Following the welcome, Saanika Amembal (Officer for Development Education) and Manuel Koch (Officer for Public Relations and Fundraising) introduced the role of DAHW in development cooperation. The discussion addressed the association’s understanding of development, its positioning within the European and international multi-level system, and current challenges in project work.
A particular focus was placed on activities in partner countries and cooperation with local partner organizations. Grace Mwasuka, a social worker at the DAHW country office in Tanzania, reported via Zoom on her work on the ground. The discussion also covered the effects of international funding cuts – especially the near-complete suspension of U.S. development cooperation – as well as emerging actor constellations and new approaches in development cooperation.
After the break, attention shifted to development cooperation as a professional field. Felicitas Schwermann (physician and Officer for Global Health and Research), Juliane Meißner (Officer for MEAL – Monitoring, Evaluation, Accountability and Learning), and again Manuel Koch presented different career paths within DAHW. In an open Q&A session, students were able to ask concrete questions about career entry, everyday professional practice, and required qualifications.
At the same time, key challenges and contradictions in development cooperation were openly addressed and critically discussed, including issues such as power asymmetries, dependency on donor funding, impact measurement, localization, sustainability, and the tension between professional project logics and local needs.
In the final session, participants worked in groups on concrete case studies from DAHW’s project practice. Under the guidance of Saanika Amembal, they analyzed the projects using concepts and theories developed earlier in the semester and reflected on central challenges of development cooperation, particularly in the areas of evaluation, partnership, and sustainability.

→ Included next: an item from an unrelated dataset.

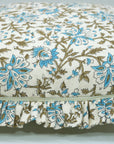 Block Print Off-White Linen Frill Pillow Cover-Neerabel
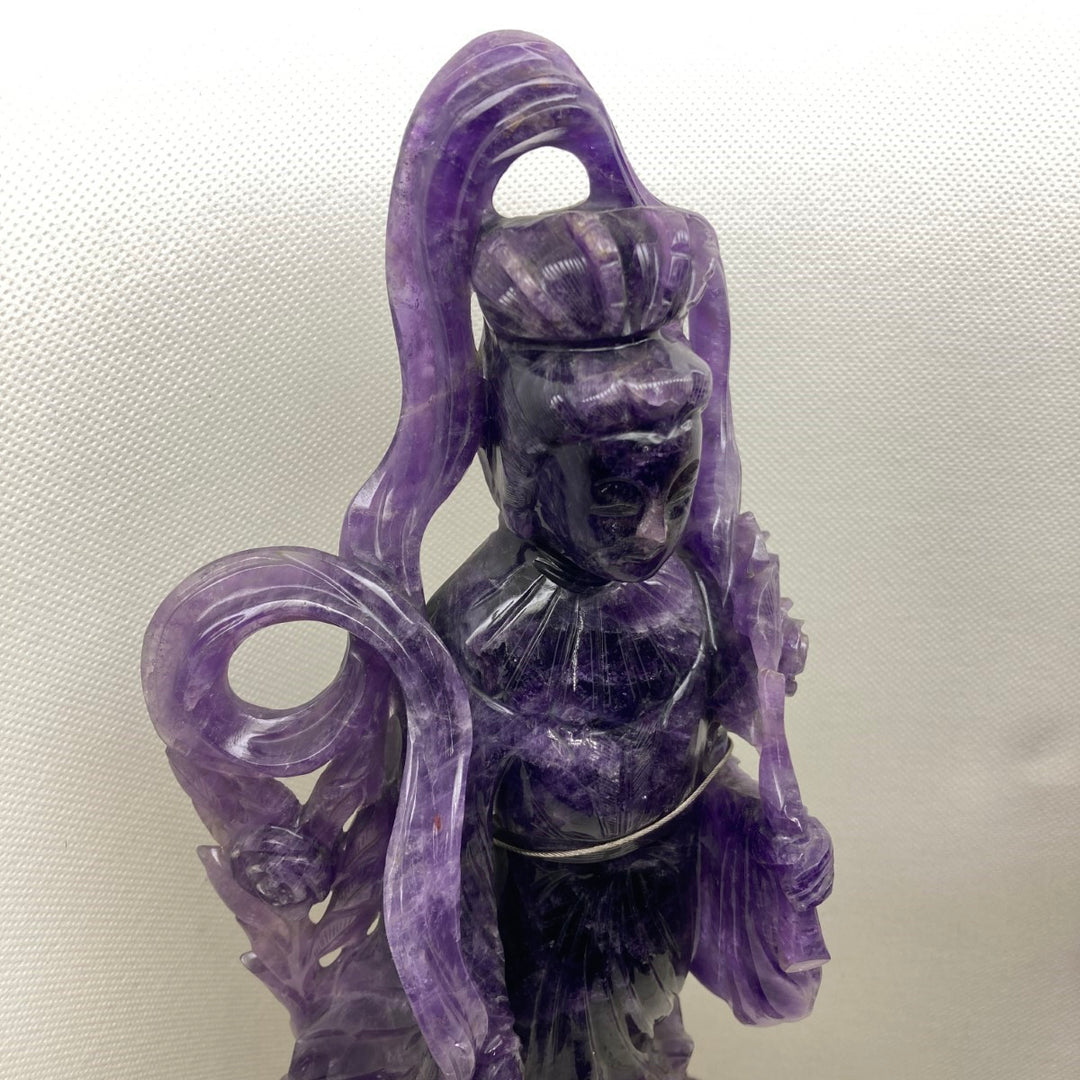 身延山 紫雲堂】 天然石 一級研磨細工師 アメジスト 観音像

The block session not only provided valuable insights into the practical work of a development NGO, but also enabled an intensive exchange with experienced practitioners. It highlighted that development cooperation is shaped not only by success stories, but equally by conflicting objectives, structural and financial constraints, and complex negotiation processes. The open reflection on these tensions helped link theoretical approaches discussed in the seminar with real-world experience and portrayed European development cooperation as a dynamic field marked by political and normative contestation.